Неподалеку от палатки Гайто стояла палатка двенадцати стариков-полковников, которых в лагере называли «наши двенадцать апостолов». Всем было известно, что Кутепов, опасаясь деморализации, приказал ни одного человека без дела не оставлять, и каждый день раздавались наряды на работы, караулы, учения. Для земляных работ и строевых занятий «апостолы» не годились, и вот им нашли применение: в полдень, когда выходил новый наряд на развод караулов, они командовали разводом. Бывало, встретится наряд: кавалерия, пехота, справа гвардия — в конце показывалась фигура очередного полковника. Один из них вывез саблю, и они по очереди ее носили, причем портупею не перетягивали по росту, так что рослому шашка подходила, а низкорослому — нет; она волочилась по земле, как в лермонтовские времена. Каждый из «апостолов» отправлялся на службу с выражением значительности на лице, что казалось Гайто то забавным, то нелепым.
Не было у нашего юного героя уважения к формальным строгостям службы. Ничего, кроме недоумения, у него, потерявшего, как и сотни тысяч соотечественников, все свое имущество, не могло вызвать и то сообщение, что караульные офицеры, съевшие банку варенья у полковника Гриневича, находятся теперь под следствием. Приказом коменданта лагеря Манштейна было начато служебное расследование. Поступок полуголодных караульных напоминал Гайто скорее шалость из его детства, а не служебное преступление. И вот теперь их таскают на допросы и заставляют, как гимназистов, признаваться, кто был зачинщиком.
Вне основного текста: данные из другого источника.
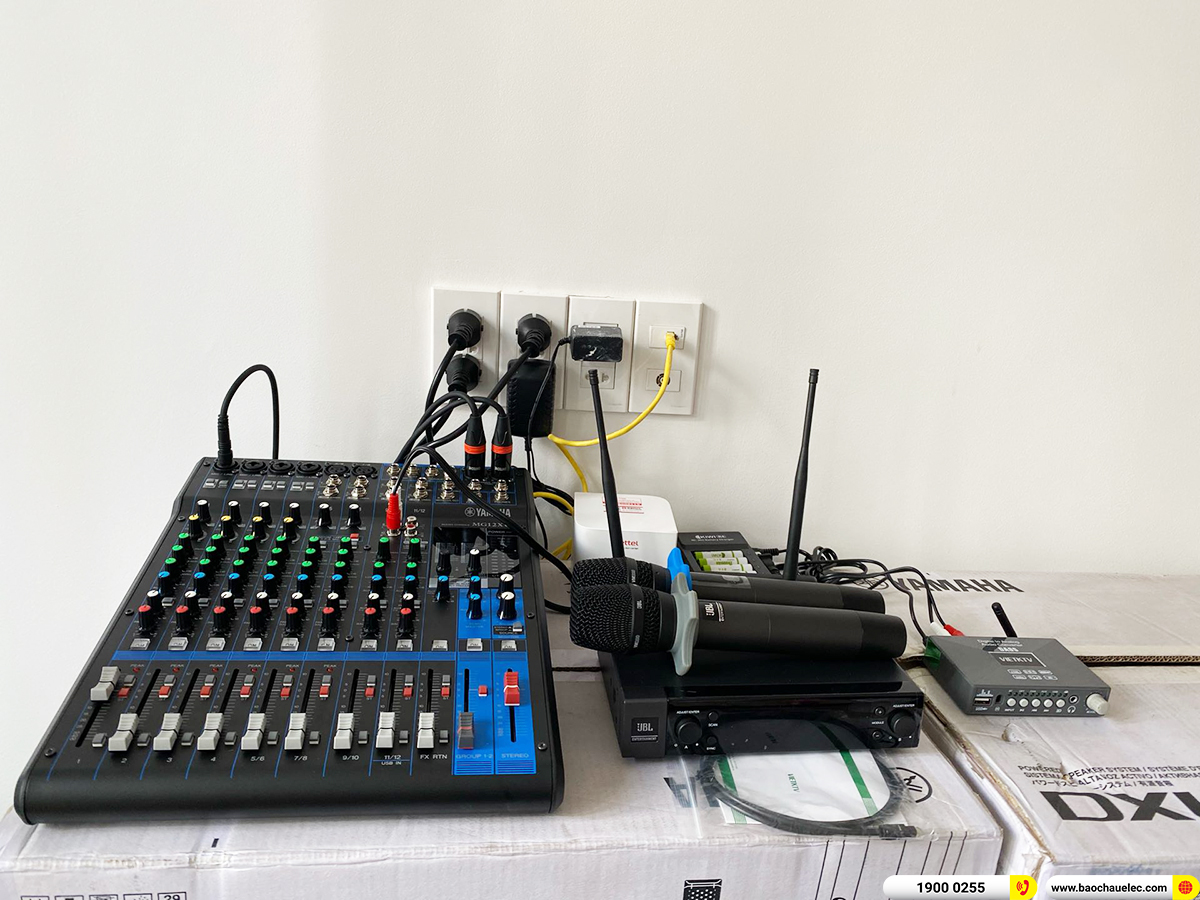 Lắp đặt d&agrave;n karaoke RCF, Yamaha gần 275tr cho chị Thương ở TPHCM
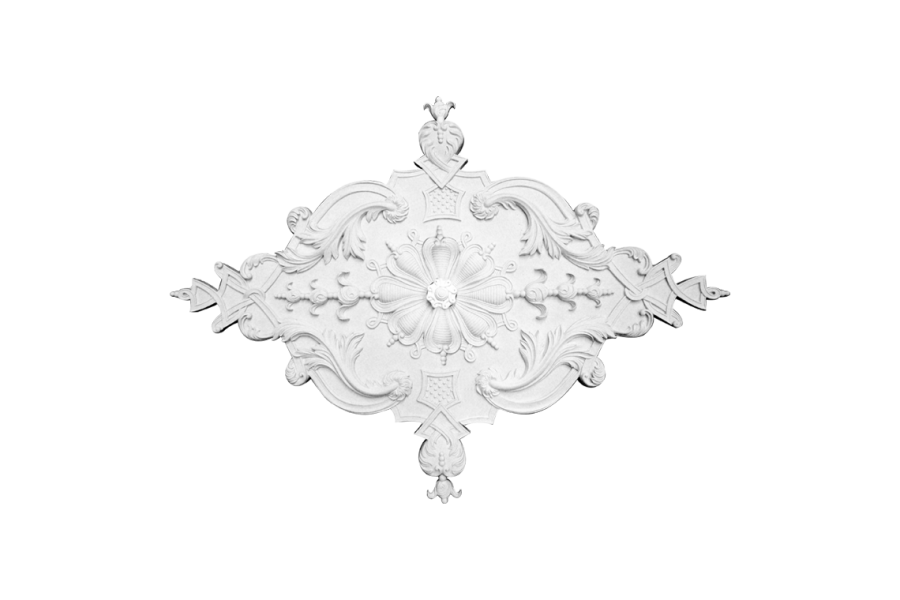 Deckenrosette Ornament 153x111cm Gips - ORR600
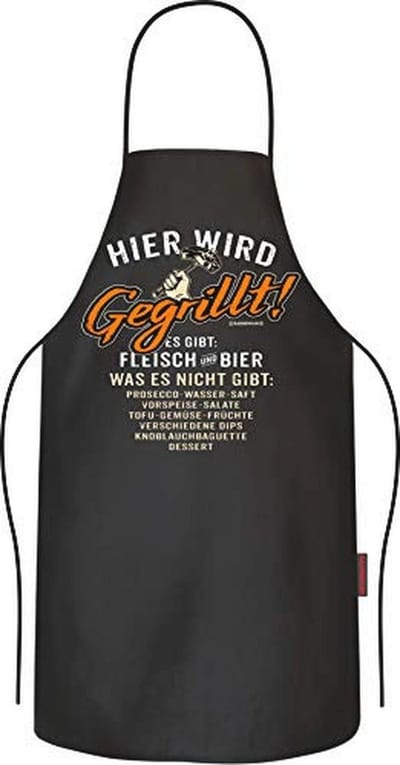 Grappig Barbecueschort voor Mannen - Katoenen Kookschort als Origineel Cadeau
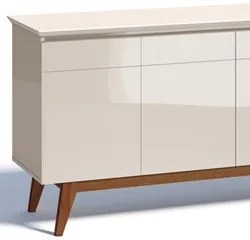 Balcão Buffet Classic Com Espelho Adnet 67cm HI01 Off White - Mpozenat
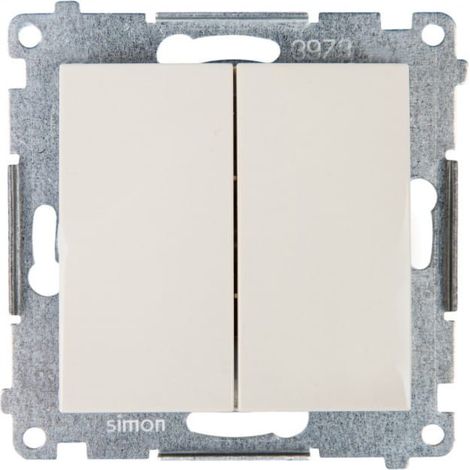 Simon 54 Doppio pulsante, attacco rapido, crema 2Z DP2.01/41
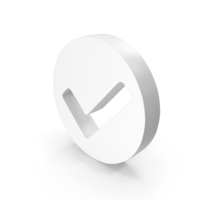 White Tick Mark Symbol PNG & PSD Images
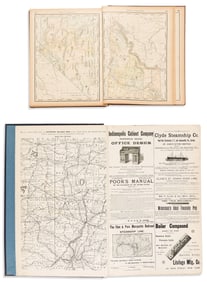 (AMERICAN ATLAS.) Rand, McNally, & Company. Enlarged Business Atlas and Shippers' Guide. Chicago,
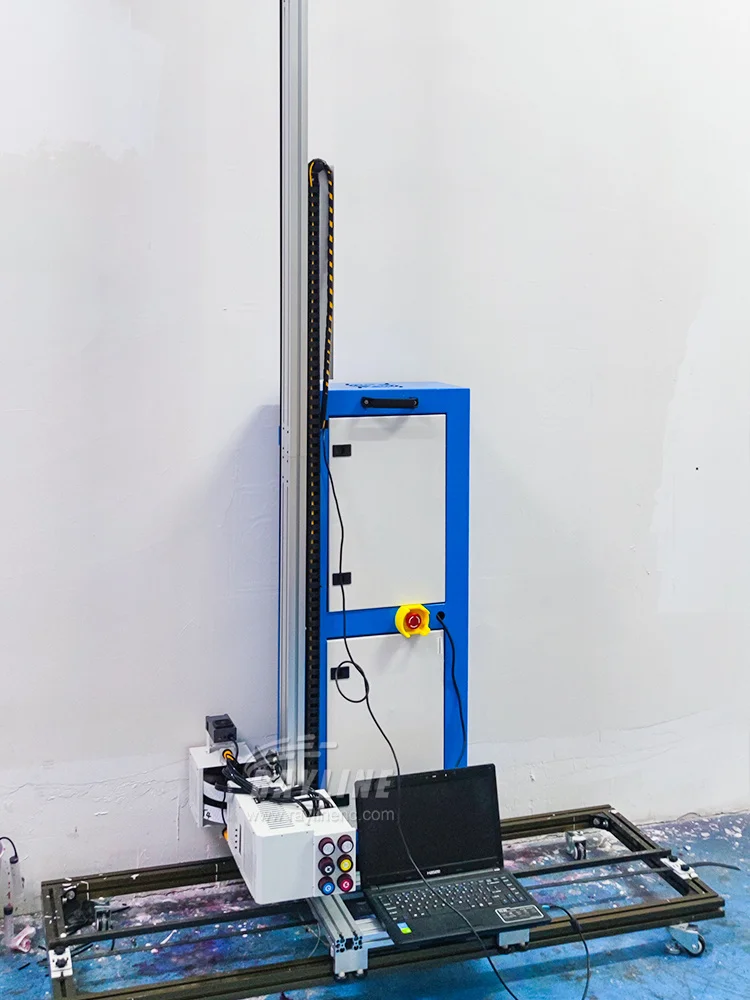 Smart Wall Printer for Interior Design Automated Wall Art Printing Device Custom Murals Decorations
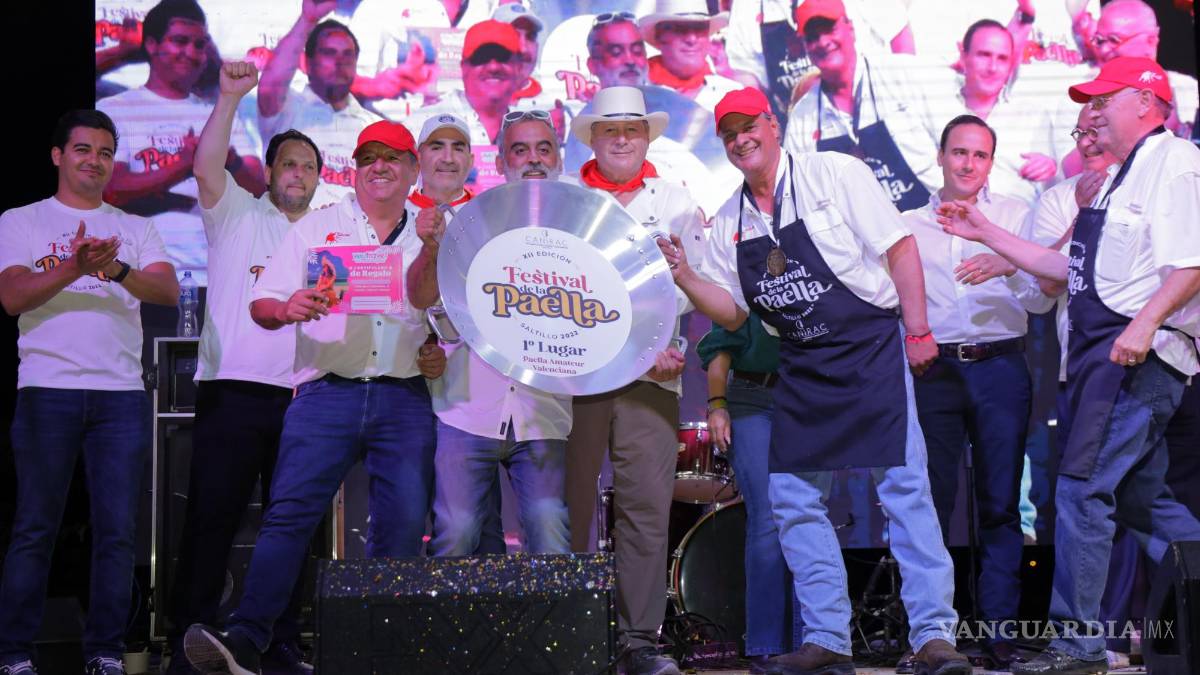Premian a los ganadores del Festival de la Paella Saltillo 2022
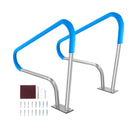 VEVOR Rampe Piscine, 1220x905 mm, Main Courante Piscine Acier Inoxydable avec Plaque de Base, 2PCS Barre d'Appui Sécurité Antirouille, Accessoires, pour Piscines, Intérieur, Extérieur, Terrasses, Spas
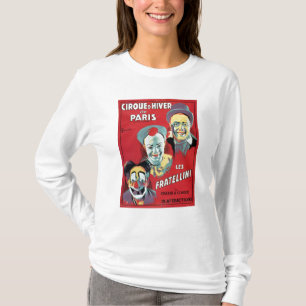Plakatwerbung das 'Cirque d'Hiver De das Paris T-Shirt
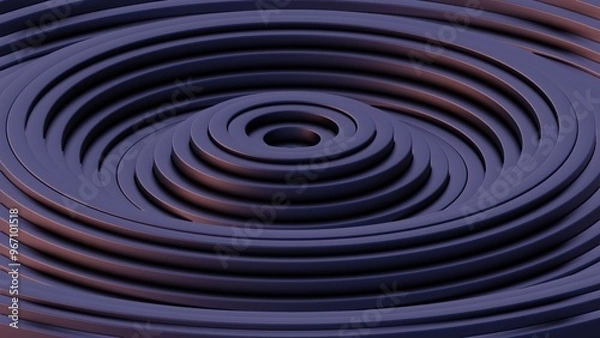 Fototapeta Abstract Concentric Circles in Dark Tones..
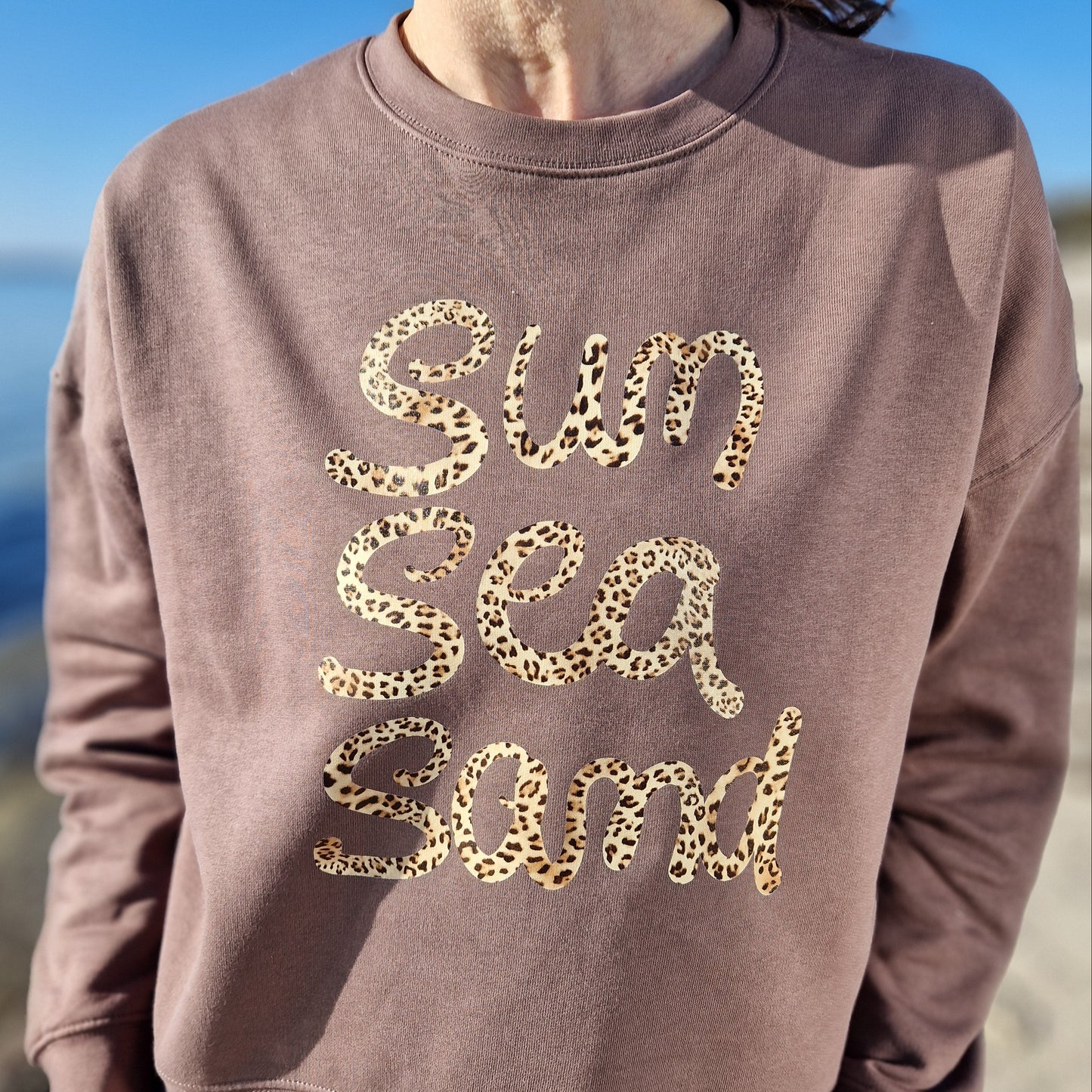 Sweatshirt SUN SEA SAND (mocha/leo) lovingsoul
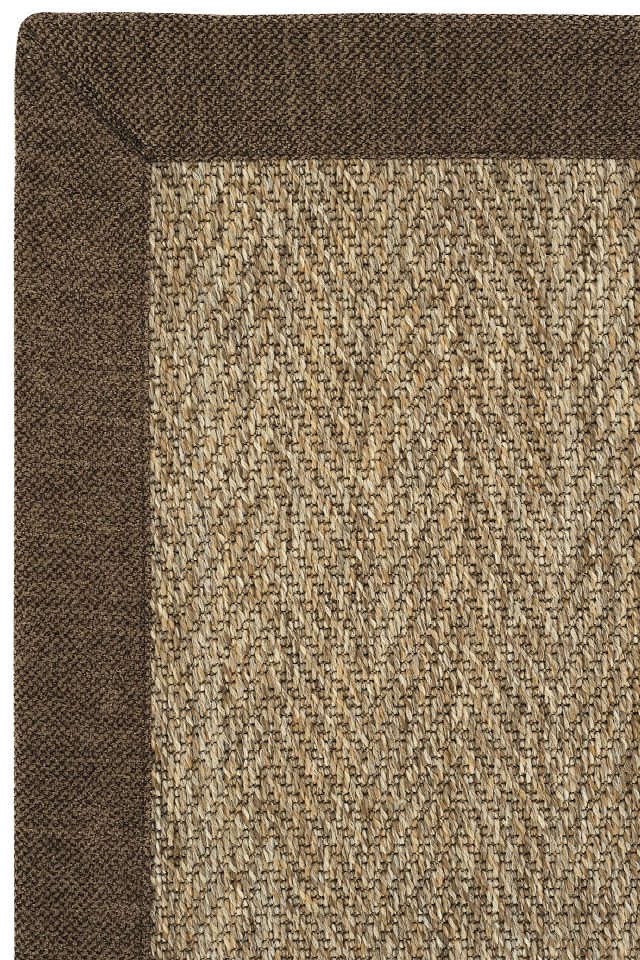 Boston Keten Bordürlü Sisal Halı | Sisalart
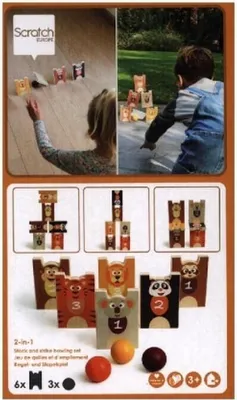 Image de SCRATCH - 2in1 Empiler et jouer aux quilles Animaux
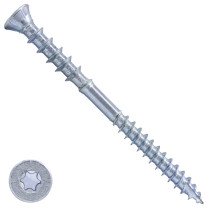 Justierschrauben 6x130mm (0-80mm) verzinkt Senkkopf mit Cut-Spitze TORX 100 Stück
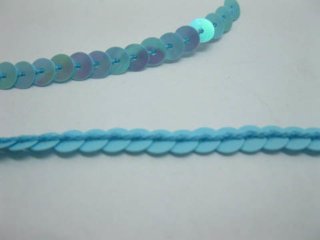 5Sheets X 10Yards Blue Strip Sequin Trim for Craft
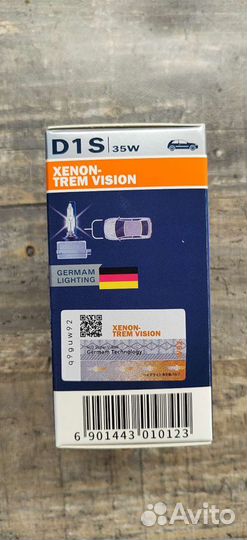 Лампа ксенон D1S/D2S/D3S/D4S 6000K
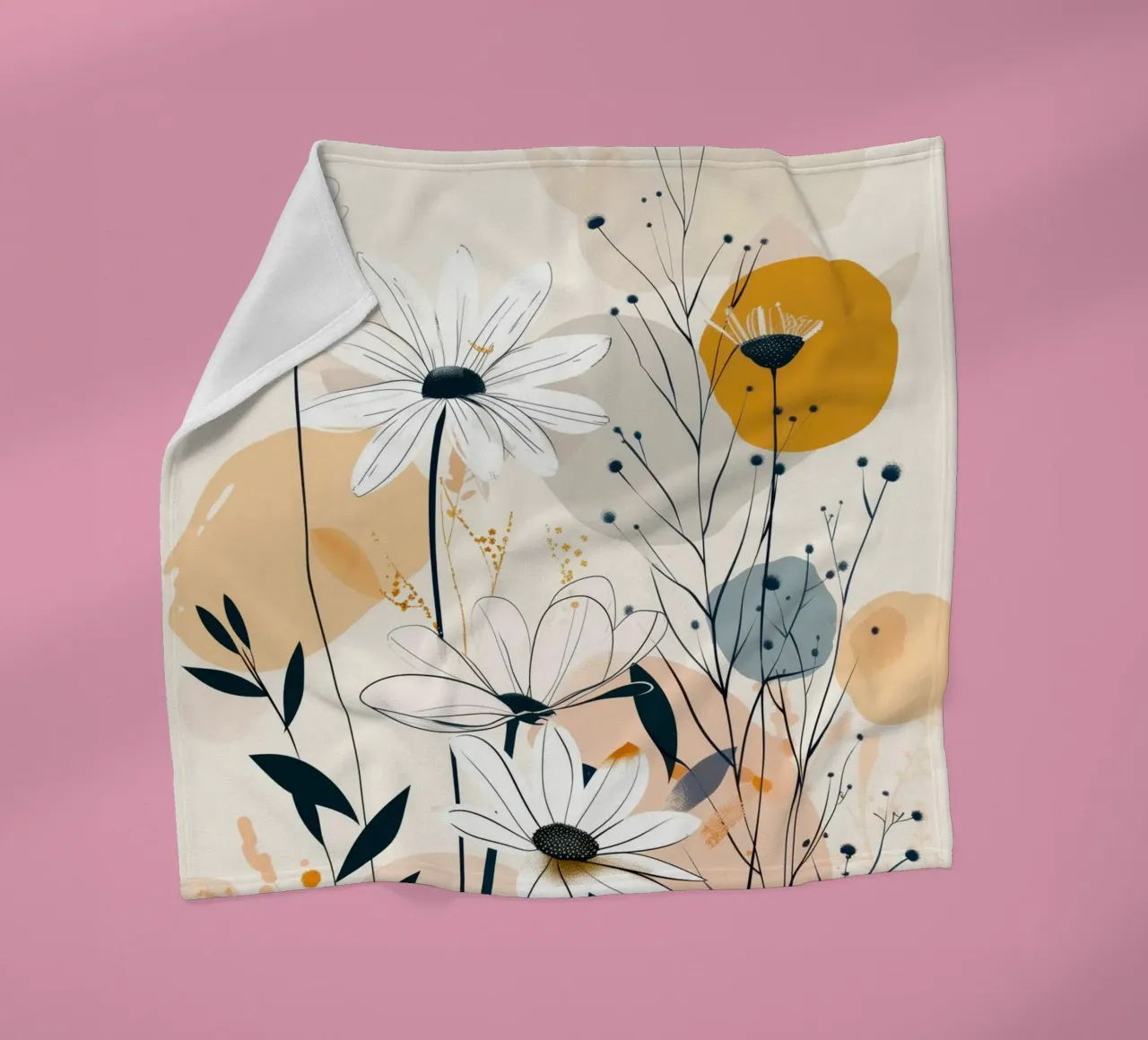 Fiori di margherite coperta in pile da Justyna Jaszke JBJart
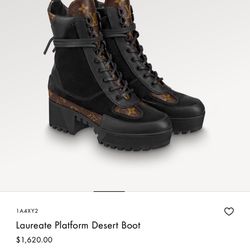 Louis Vuitton combat boots size #38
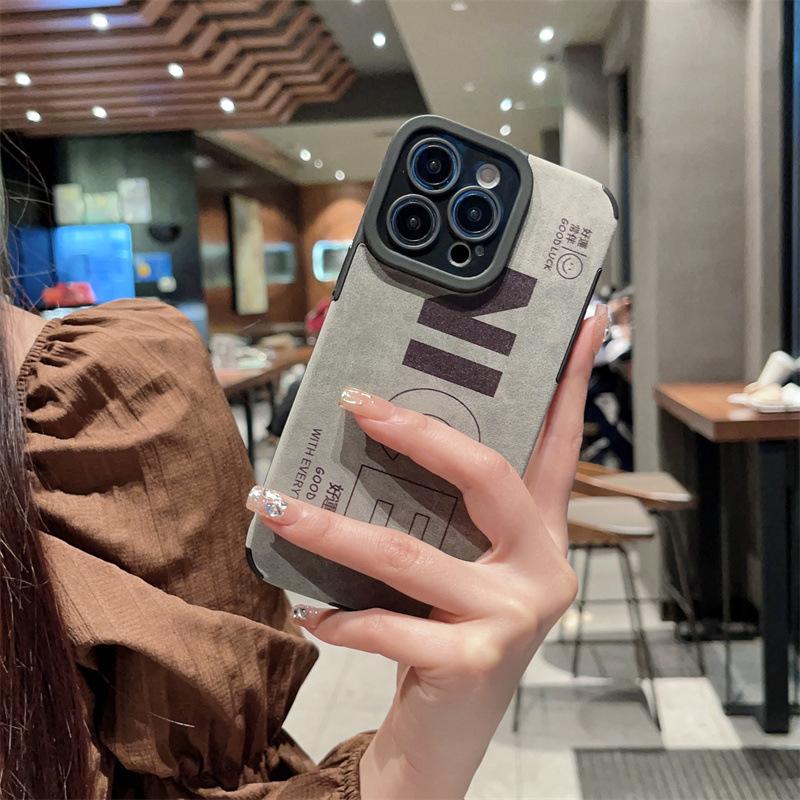 Vỏ Bao Da Điện Thoại Mềm Chống Dấu Vân Tay Cho iPhone 11 7plus 6s plus 8plus 13 14promax 12 xsmax xr 12Promax 11Pro 7 / 8 14 12Pro Ốp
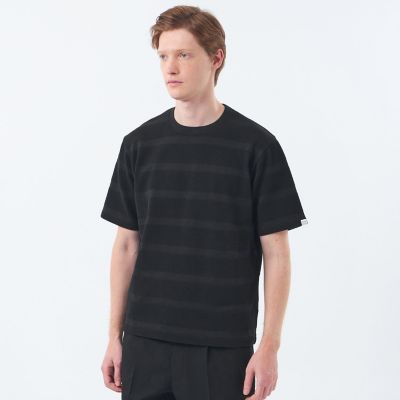 MACKINTOSH PHILOSOPHY (Men)/マッキントッシュ フィロソフィー クルーネックＴシャツ　ポップコーンシャドーボーダー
А между тем никому вокруг не было дела до откровенного уголовного мошенничества. Не поднимали шума, когда подпоручик Николаев продал свой оловянный портсигар, сделанный из кусочков шрапнели, в качестве серебряного! Никто не возмущался офицером Любченко, который часами подделывал двухдрахмовые греческие ассигнации. Своего товарища, который преуспел в рисовании, Любченко заставлял часами вырисовывать бюст Перикла: всем известную голову со «слепыми» глазами и в шлеме. Затем «кредитка» вымачивалась в крепком чае, что придавало ей нужный оттенок, после чего безжалостно мялась и грязнилась, чтобы походить на настоящую. Гайто, покинувший галлиполийский лагерь раньше остальных, не узнал, что почти до отъезда русских войск никто мошенничества Любченко так и не заметил. Кто-то рассказал эту историю грекам, и реакция оказалась неожиданной: греческие коммерсанты начали искать повсюду «банкировы» драхмы, которые стали знаменитыми, как диковинка, за них платили больше «номинала». Да и на что было грекам особо обижаться: ведь год пребывания русских на этой земле нежданно-негаданно их обогатил. Солдаты и офицеры оставили у них все ценное, что привезли из России, и все ценное, что получили от союзников. А за две драхмы можно было купить всего лишь буханку хлеба.